While getting crash logs of your Android device manually can be very useful in certain situations, it’s possible to automate collection of crash logs by installing a crash reporting SDK such as BugSnag’s Android SDK in your application. Crash reporting SDKs automatically detect JVM crashes, NDK crashes, and ANRs, and automatically deliver a diagnostic report about the error to a web dashboard.
There are several advantages to collecting crash logs automatically. You might not always have access to a device, particularly if a crash has occurred on an end-user’s device, or if you are employing a 3rd party Quality Assurance firm, they may not have the necessary tools installed to obtain crash logs manually from a test device. Crash reporting SDKs offer automatic reporting of errors from your production application, so that you can gain an immediate insight into how many users are affected by a bug and determine how to fix it with diagnostic information.

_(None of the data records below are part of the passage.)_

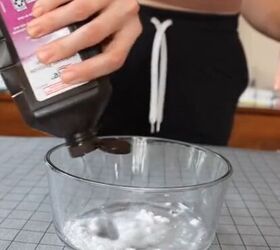 Solve this gross problem in a snap with this simple hydrogen peroxide and dish soap trick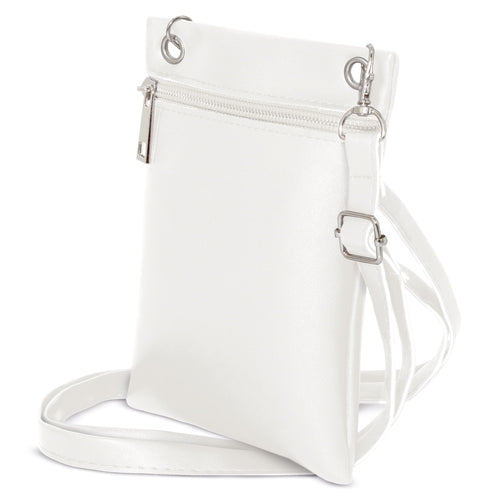 Weißes Federmäppchen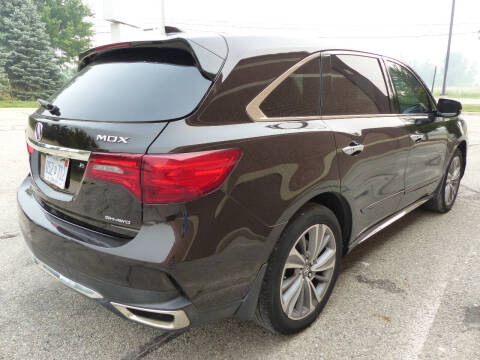 2017 Acura MDX SH-AWD w/Tech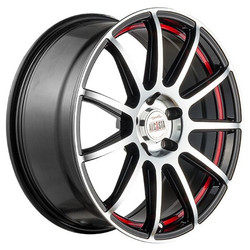 ���� ����� Alcasta M25 18/8 ET35 Bkfrsi ������ � ��������-�������� � plusauto24.ru � �����������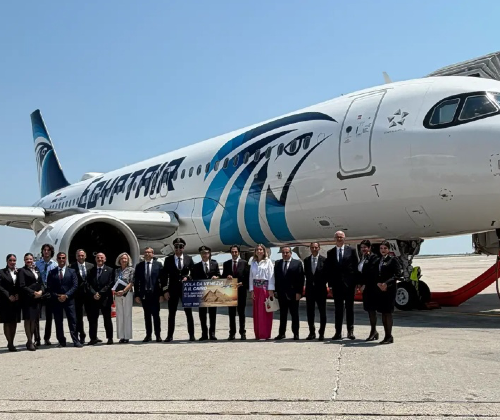 Egypt Air in Venice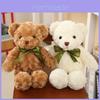 Süßer Plüsch-Teddybär mit luxuriösem Rosenvelour-Material für das perfekte Geburtstagsgeschenk für sie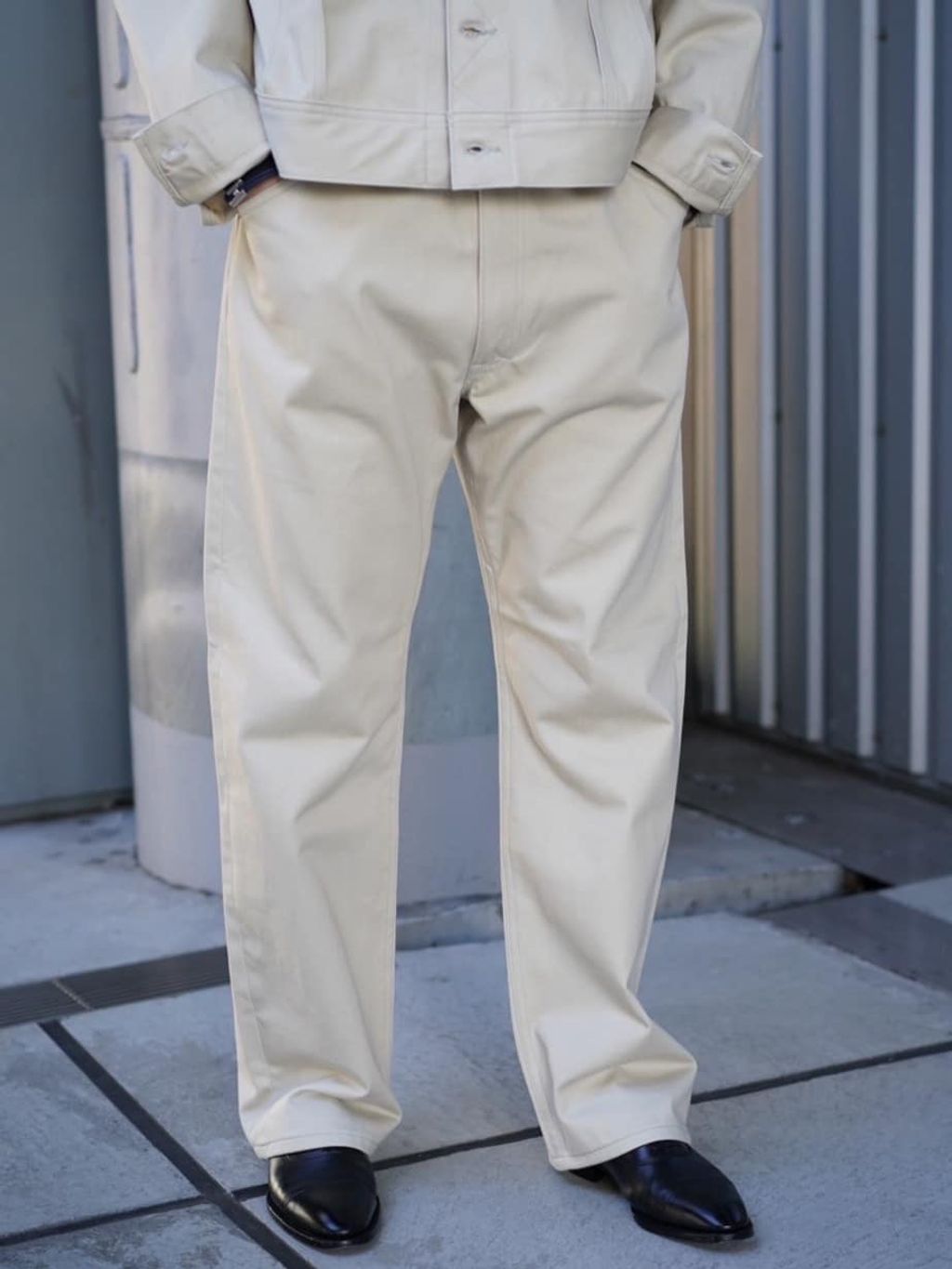 Lee / リー】別注 ウエスターナー 100J ジャケットのコーディネート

A great advantage of crash reporting SDKs is that it’s possible to attach custom metadata to an error report. On-device crash logs are limited by the amount of information that the Android framework can collect, but there is no such limitation when it comes to 3rd party tools. For example, BugSnag will automatically capture breadcrumbs on Android of lifecycle events and common system broadcasts, which can help track down those tricky bugs that are related to unexpected state in a lifecycle event.
Crash reporting services also offer powerful search and segmentation. Perhaps a bug is only occurring on certain OS versions, or a critical error with In-App-Purchases is affecting the conversion rate of your paid customers. By adding custom metadata to error reports, it’s possible to segment and search for the important bugs, so that you can prioritise what delivers value for your business, rather than wasting time manually collating crash logs from dozens of devices yourself.